The Capistrano Unified School District set an unfortunate example by allowing parents to raise money so they could keep smaller class sizes in individual schools. The Saddleback schools quickly followed suit. But these “every campus for itself” campaigns open the door to ever-greater educational divides.
It’s easy to understand and commend parents’ fervent desire to keep smaller classes. After the Capistrano school board voted in May to abandon 20-student classes in third grade (it kept them in kindergarten through second grade), a mother from one school approached the district, asking whether that campus could retain the program if parents raised the money. Another request soon followed.
The district took a passive tone. Administrators would not suggest that schools raise the money, but parents who asked about it were told that if they could put together $40,000 by a certain date, that school could keep the program.

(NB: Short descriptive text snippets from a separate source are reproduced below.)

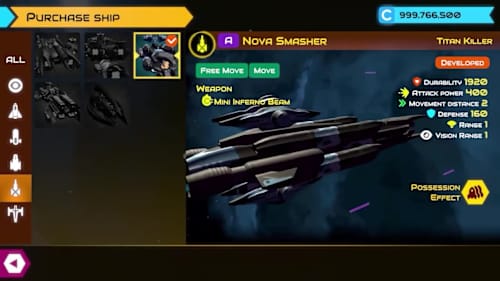 Star Titans: War of the Galaxy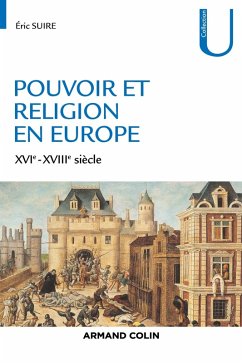 Pouvoir et religion en Europe (eBook, ePUB) - Suire, Éric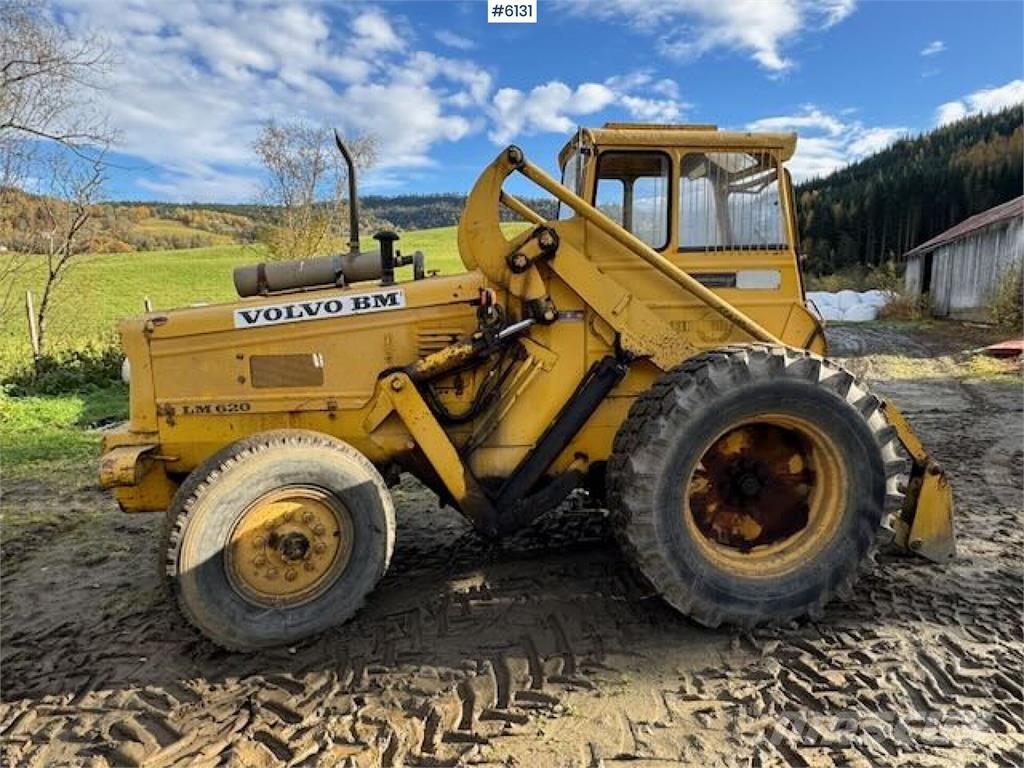 Volvo BM LM 620 多功能裝載機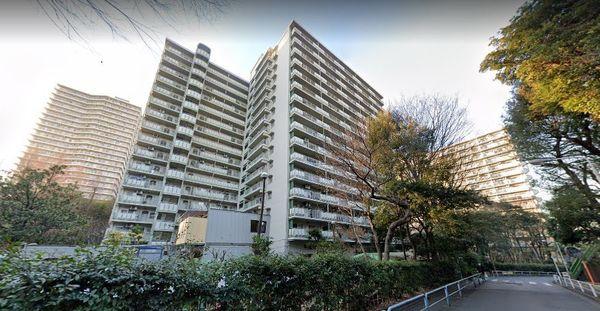 サンシティＢ棟 外観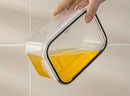 Kit Potes Organizadores para Geladeira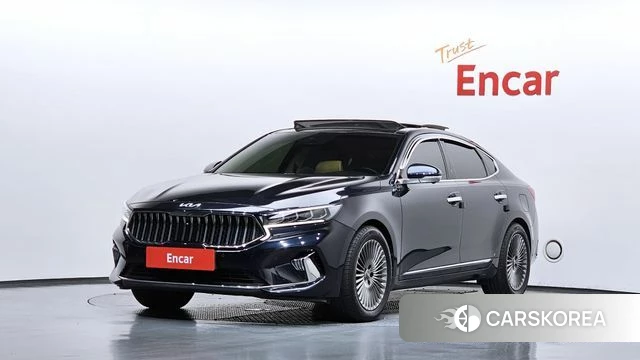 Kia K7 Premier Hybrid 2019 Синий из Кореи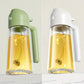 2-in-1 Glass Oil Spray Bottle – For Cooking & Air Fryer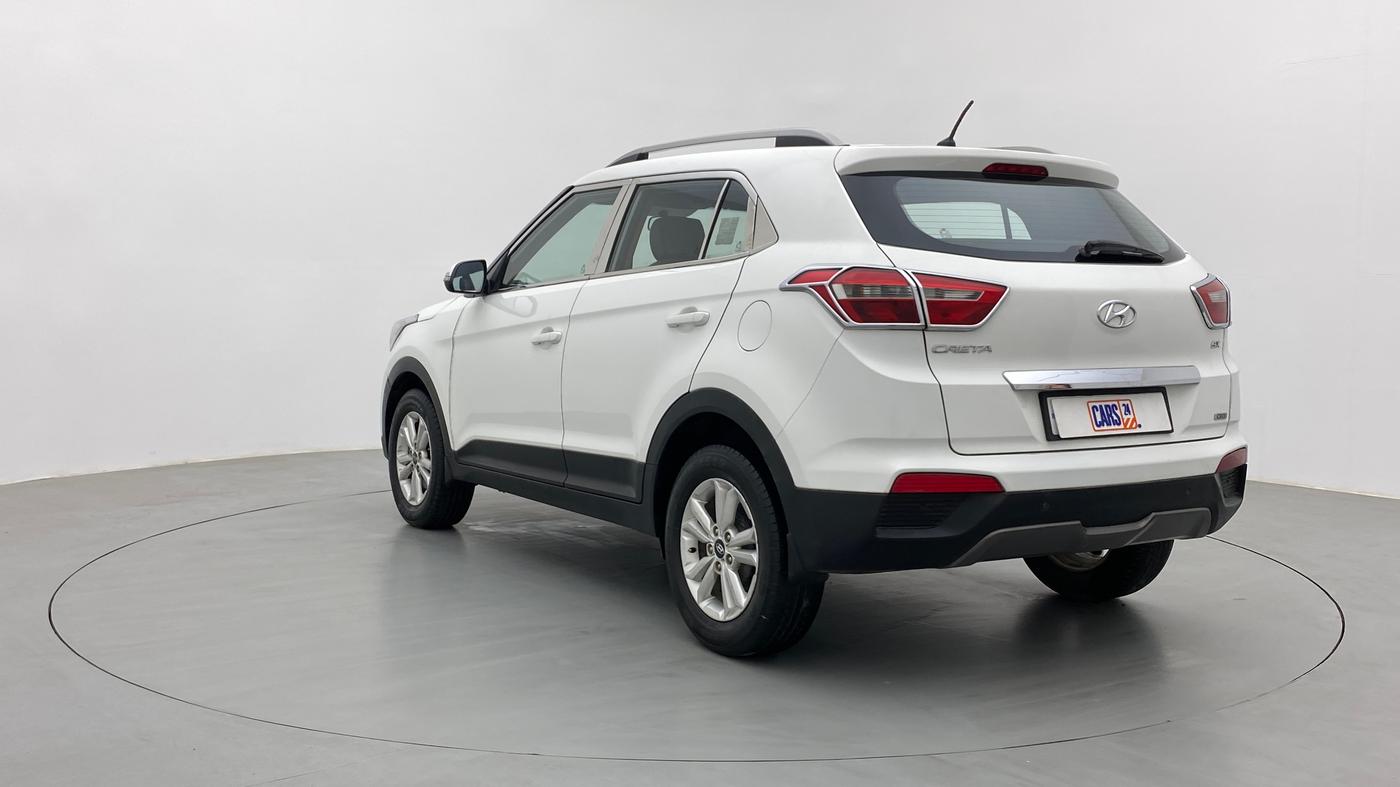 2015 Hyundai Creta 1.6 SX CRDI, Diesel, Manual, 74,767 km, Left Back Diagonal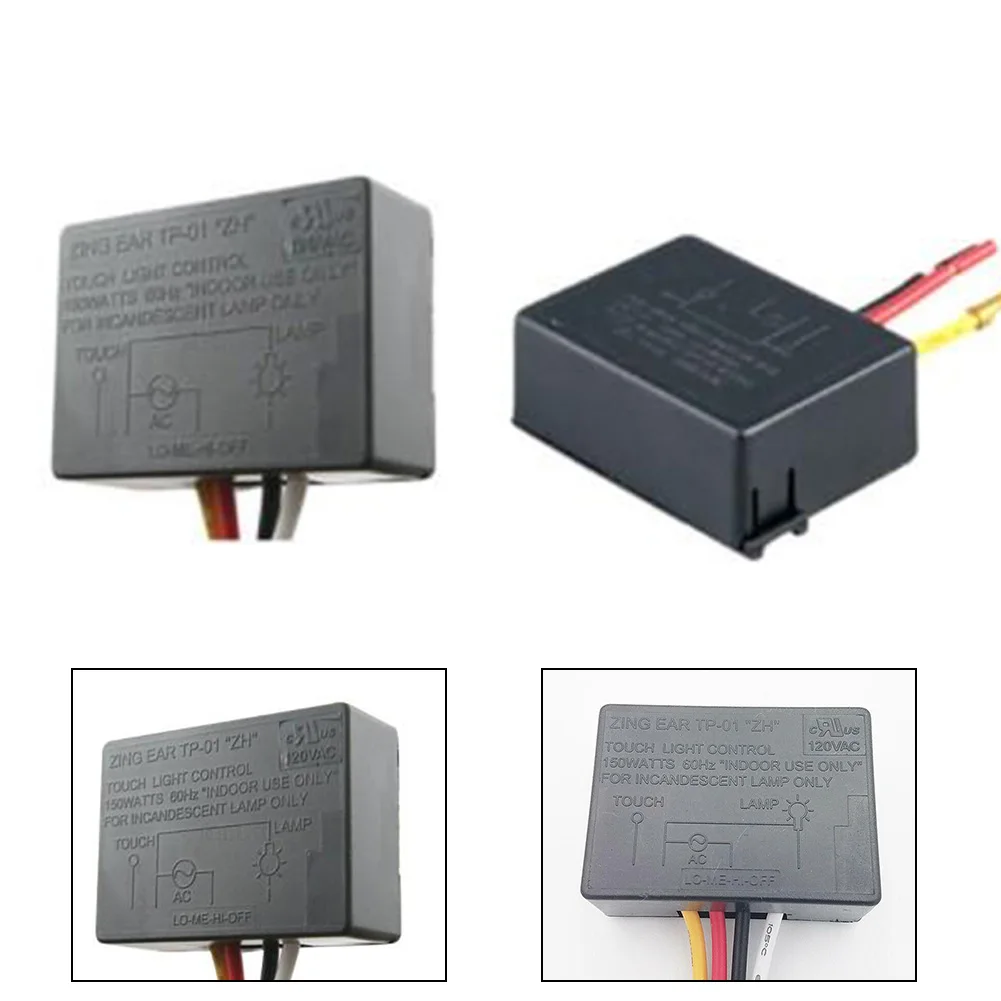 Zing Ear Module Sensor Circuit Connection TP-01 ZH 120 Volt - 60 Hz Control Dimmer Switch Easy To Use Long Lifetime
Zing Ear Module Sensor Circuit Connection TP-01 ZH 120 Volt - 60 Hz Control Dimmer Switch Easy To Use Long Lifetime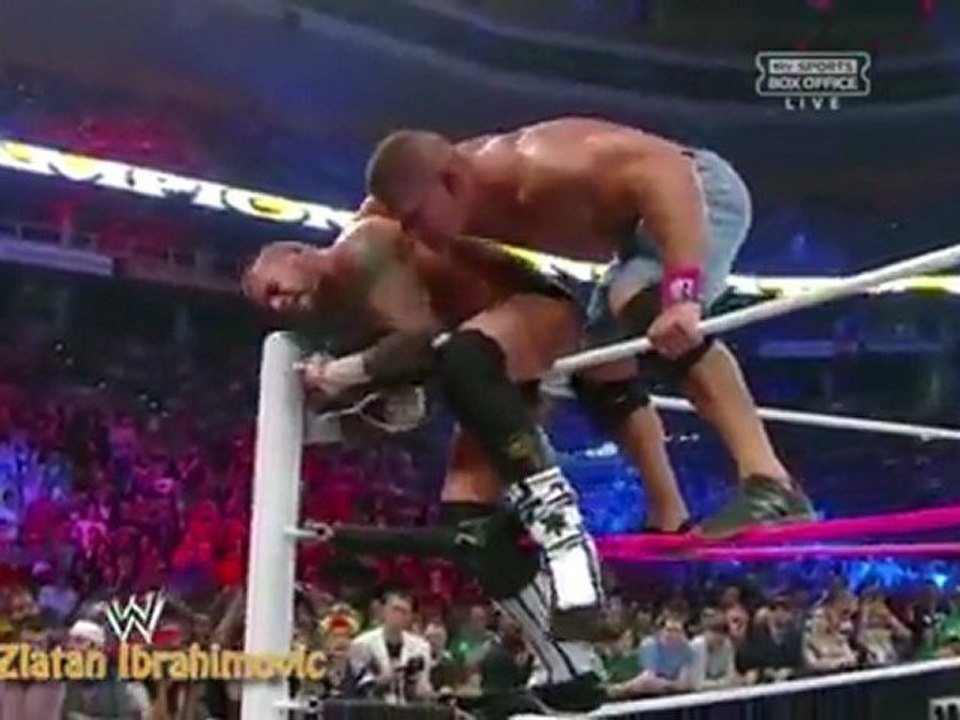John Cena VS CM Punk - Night Of The Champions 2012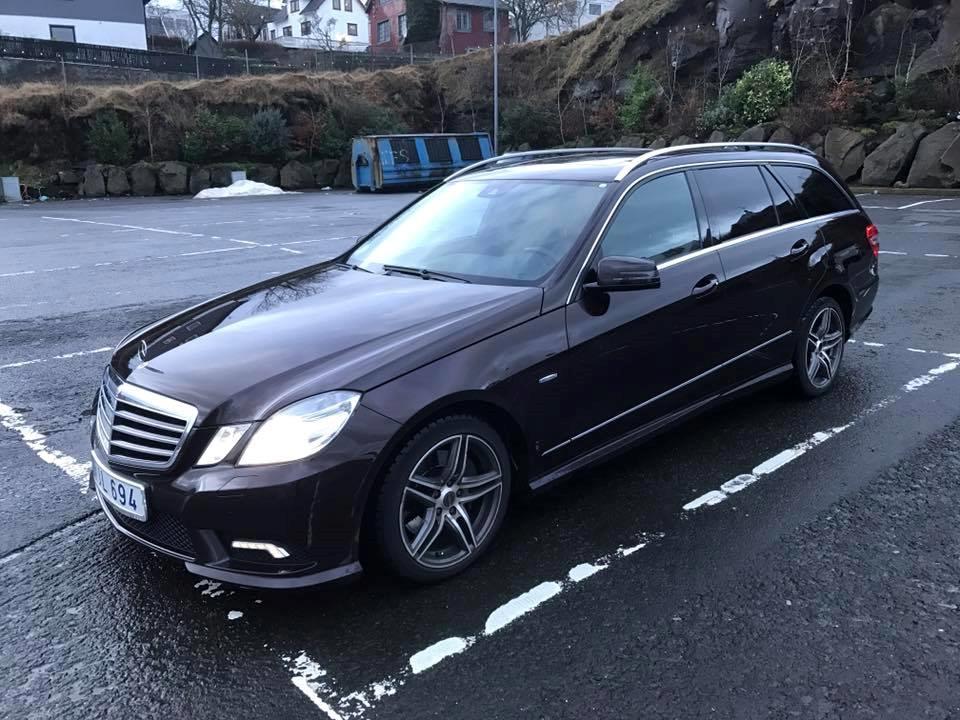 Mercedes Benz E350 CDI  3.0 Avantgarde W212 AMG billede 5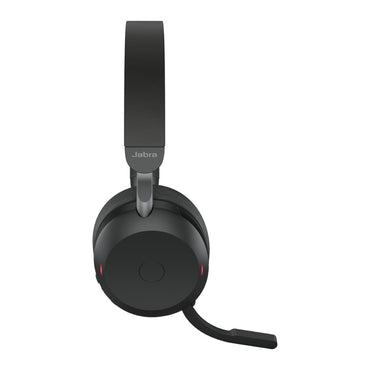 Jabra Evolve2 75 | Draadloze On-Ear Headset met USB | Zwart - Matmuis - Matmuis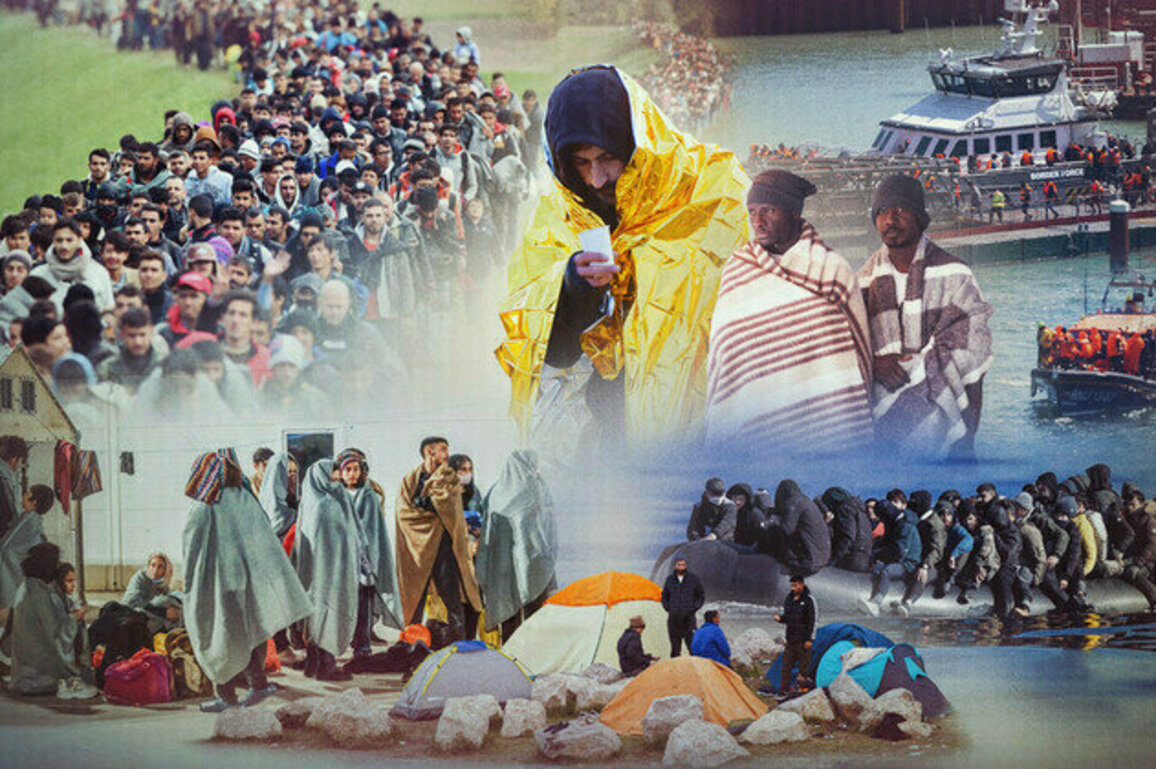 Gaddafi warned them. Now the EU is living out his grim prophecy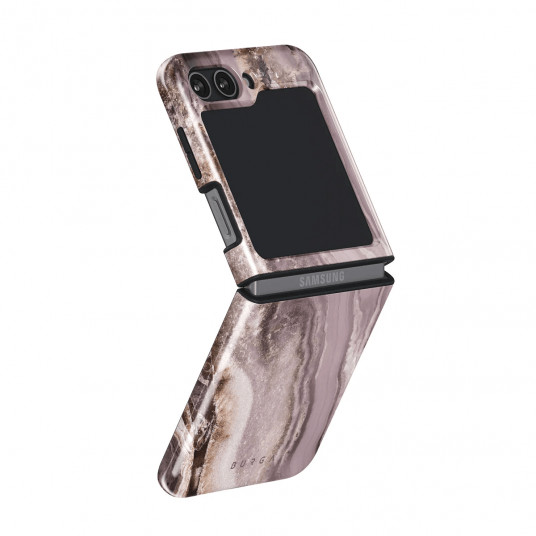  Dėklas Burga Samsung Z Flip 5 Golden Taupe Tough 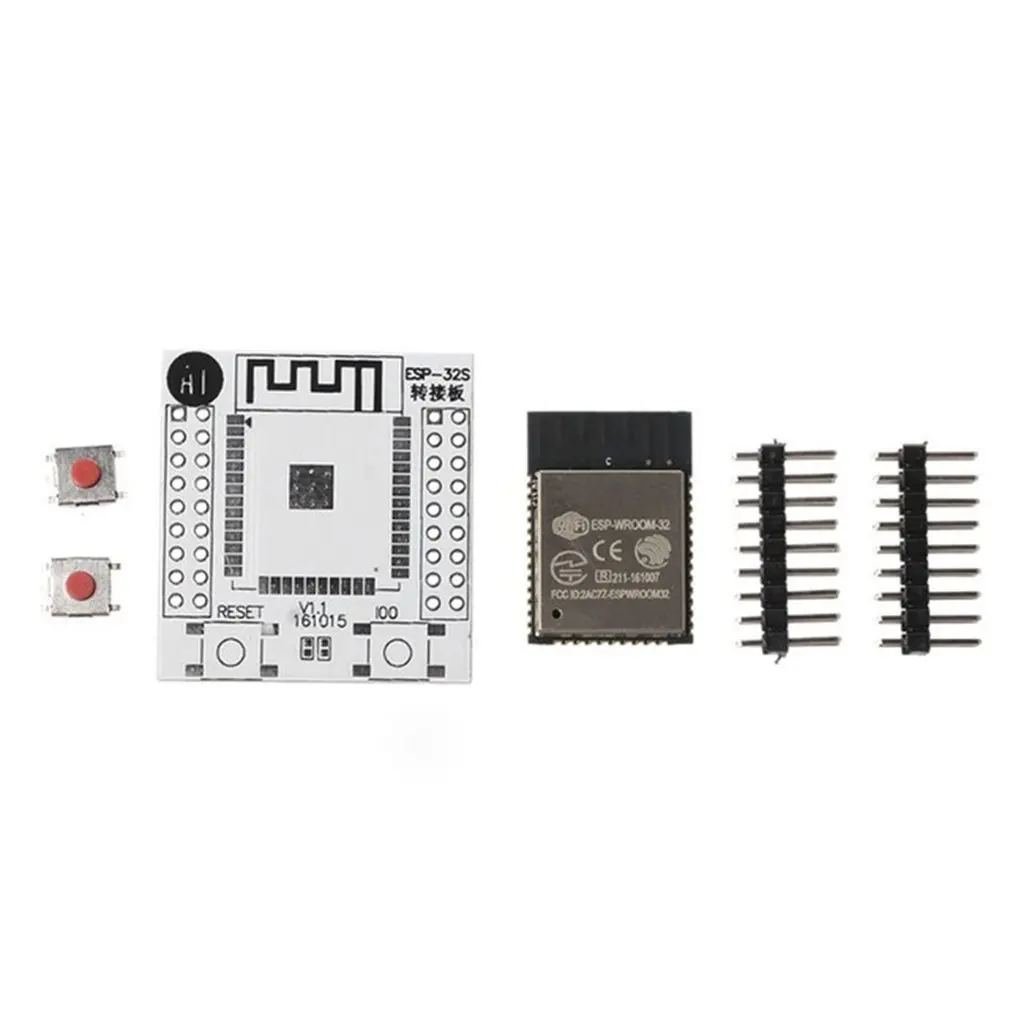 

Практичная Фотографическая плата для интернета Wi-Fi IoT Wlan BLE + Фотографическая плата для адаптера 2,54 мм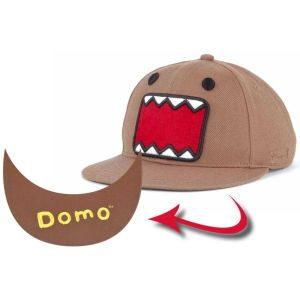 Concept One DOMO Domo Big Face Snapback Cap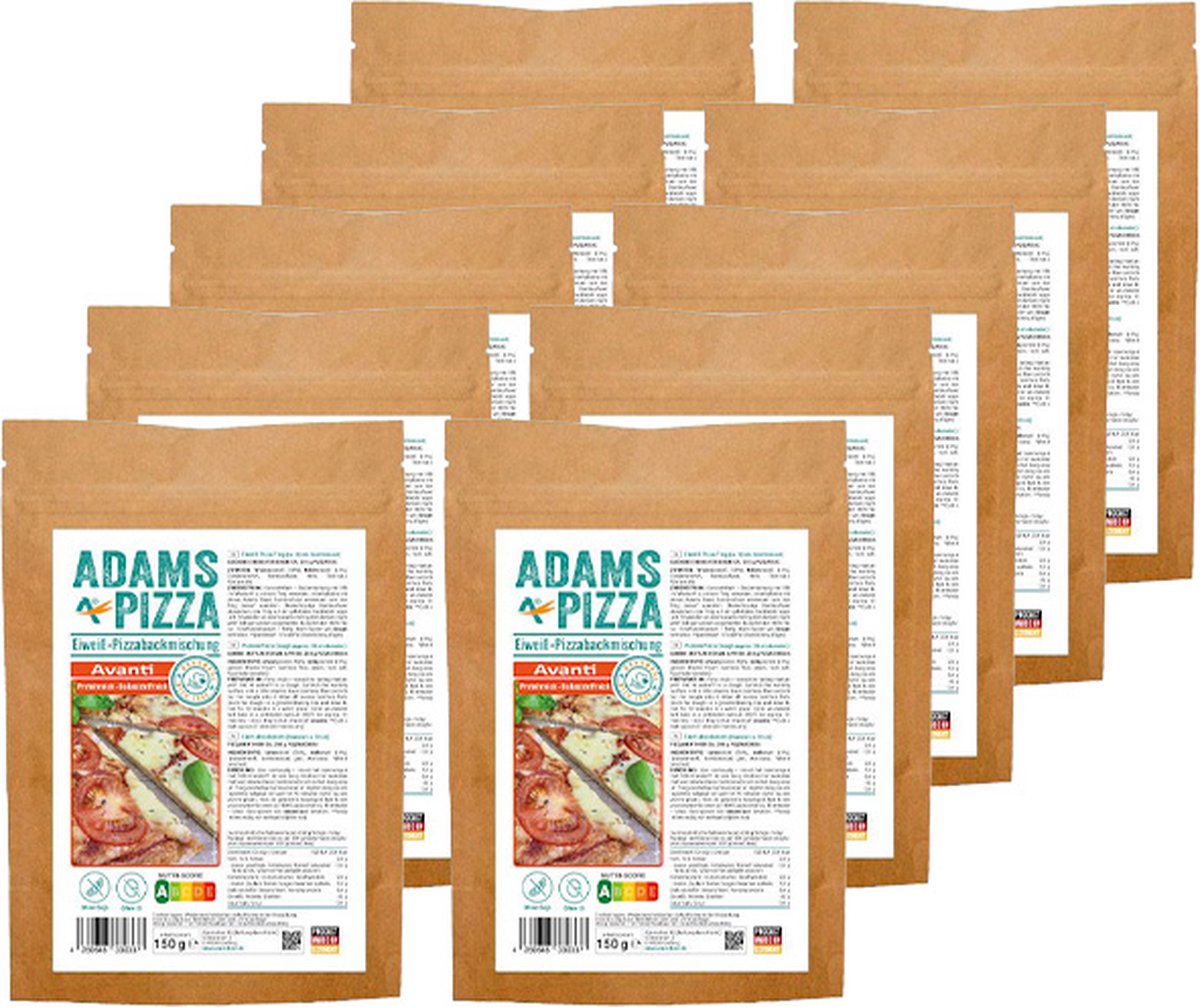 Adams Pizza | Avanti | 10 stuks | 10 x 150 gram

The result was a fund-raising free-for-all in which the earliest campuses pulled in the full amount before other campuses even knew they were allowed to do anything.
Come fall, a majority of Capistrano schools will keep the smaller third-grade classes. Several will have them for half of the school day. Unless new sources of money are found, others will have third-graders learning multiplication tables and cursive writing in classes of 32 or so.
The springtime frenzy of fund-raising has been problematic both philosophically and pragmatically.
The campaigns were so sudden and decentralized that they confused business owners. Not knowing where they should donate -- if they give to one school, will they alienate parents at another? -- many did not respond to fund-raising pleas. The $40,000 goal per campus encourages schools to stop once they reached that amount, though they might have been able to raise more toward a districtwide effort. Parents at the unsuccessful schools feel resentful and alienated. That will serve no one well next year, when the district is likely to face an even bigger shortfall.
Students at wealthier schools already get more field trips and other extracurricular goodies. But the latest divide isn’t about a week at outdoor science camp. It involves an entire academic year in which some 8-year-olds will get attention that could help them master core curriculum and perform better on standardized tests. Now one Capistrano school that raised more than $40,000 is considering using the extra money to keep its campus librarian while those positions are being cut elsewhere in the district.
Irvine schools raised money districtwide to keep small classes. Capistrano officials say their earlier attempt to do the same drew little interest. Yet the fund-raising capability clearly was there, if not the will. That might have been tapped if the district had told parents in May, “The way to keep smaller classes at your school is to raise $1 million so all third-graders in the district have it.”
Supt. James A. Fleming says he felt uncomfortable telling parents they couldn’t raise money to improve their own school, although he’s unhappy about the inequities and ponders how far such campaigns should be allowed to go. He intends to bring the question to the school board for discussion. That’s a thoughtful next step.